The Boltzmann distribution is the more general one, $\rho \sim \exp(-E/kT)$, saying that the probabilities exponentially decrease with the energy. The energy $E=E(\vec x,\vec v)$ is a function of position and velocity. When the particular dependence on the position (potential energy) is substituted for $E$, we usually talk about the Boltzmann part (factor) of the distribution.
When we include the kinetic energy $E_k=mv^2/2$, we get the Maxwell part of the distribution. Sometimes, $\rho\sim \exp(-mv^2/2kT)$ is known as the Maxwell-Boltzmann distribution even if no potential energy $E_P$ is included in $E$. So Maxwell and Boltzmann differ as "kinetic" and "potential" part of the general Boltzmann distribution.
On the other hand, Maxwell-Boltzmann statistics is a rule how to statistically treat the information about many particles of the same "species". The rule, the only one known in classical (pre-quantum) physics, says that even though they may have the same properties, they are distinguishable. There is no distribution here – it's a rule saying that the positions $(\vec x_1,\vec x_2)$ and $(\vec x_2,\vec x_1)$ of two particles are distinct.

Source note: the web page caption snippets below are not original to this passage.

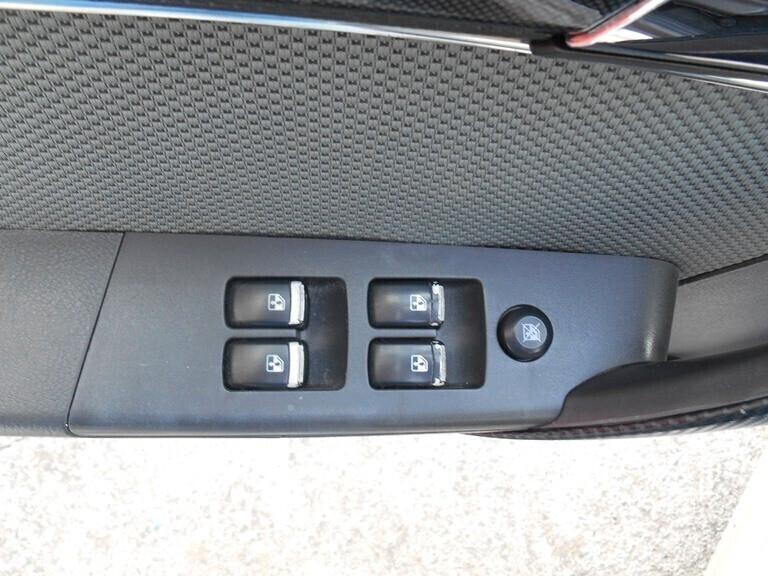 Chevrolet Aveo 1.2 5 porte GPL NO BLOCCHI TRAFFICO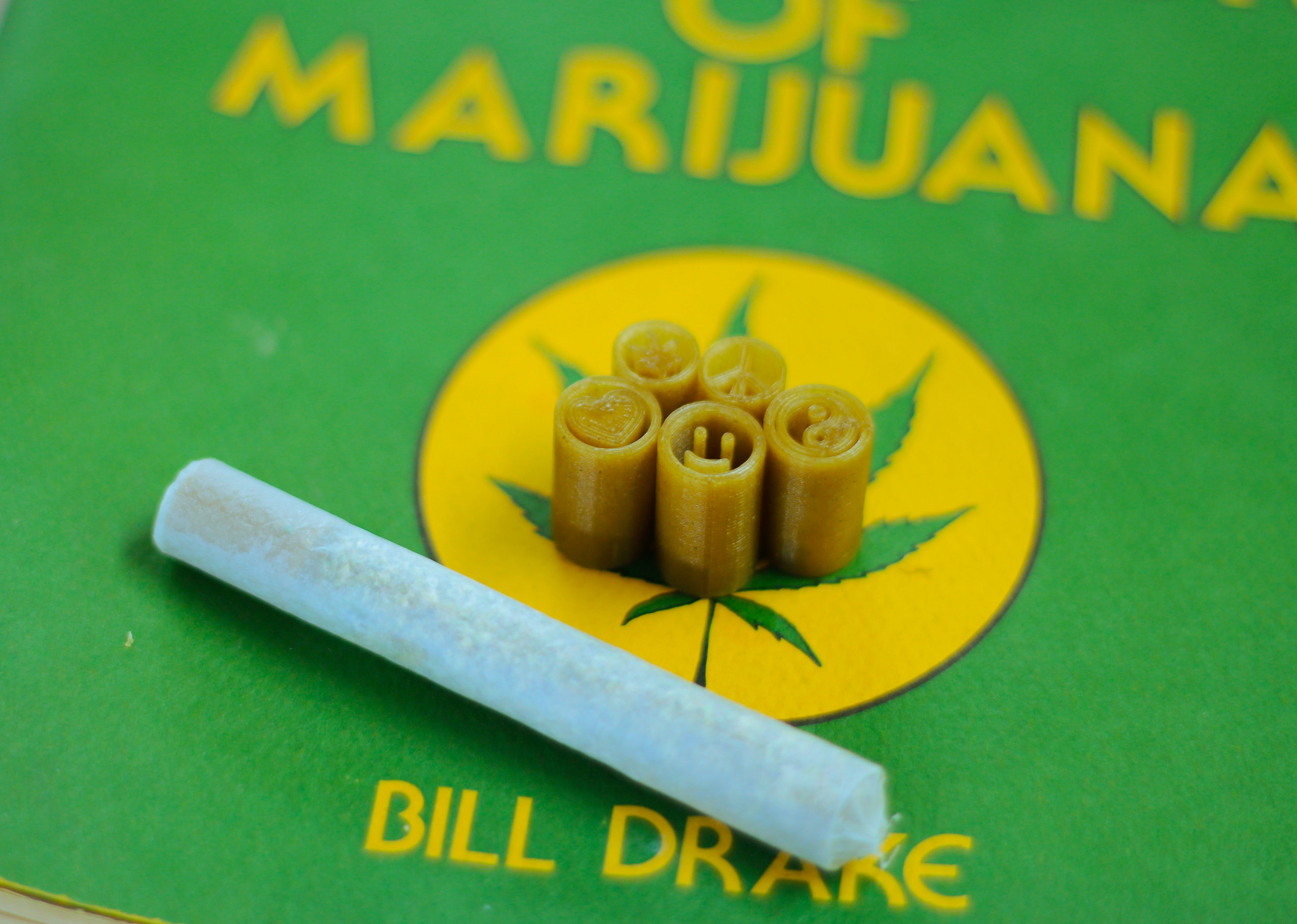 The Rise of The Hash Hole or Donut Roll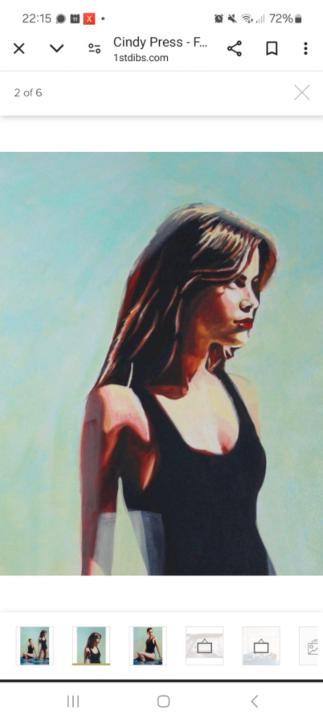 Mari-Nicole Schuster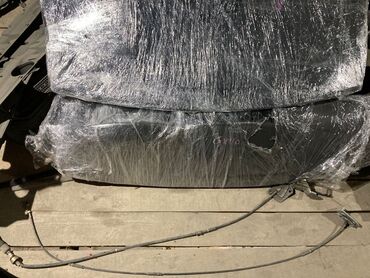 Панели, обшивки: Торпедо Toyota Б/у, Оригинал, Япония — 8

The relationship between the statistics and the distribution (for one particle) is that the distribution may be derived from the statistics if we look for the most likely way to divide the energy among many particles of the same kind. The "most likely" means to maximize the volume of the phase space.
The Maxwell-Boltzmann statistics and distributions are being talked about especially in contrast with their quantum counterparts, the Bose-Einstein and Fermi-Dirac statistics/distributions. In those statistics, the particles are indistinguishable. Moreover, in the Fermi-Dirac statistics, at most 1 particle may have the same list of properties.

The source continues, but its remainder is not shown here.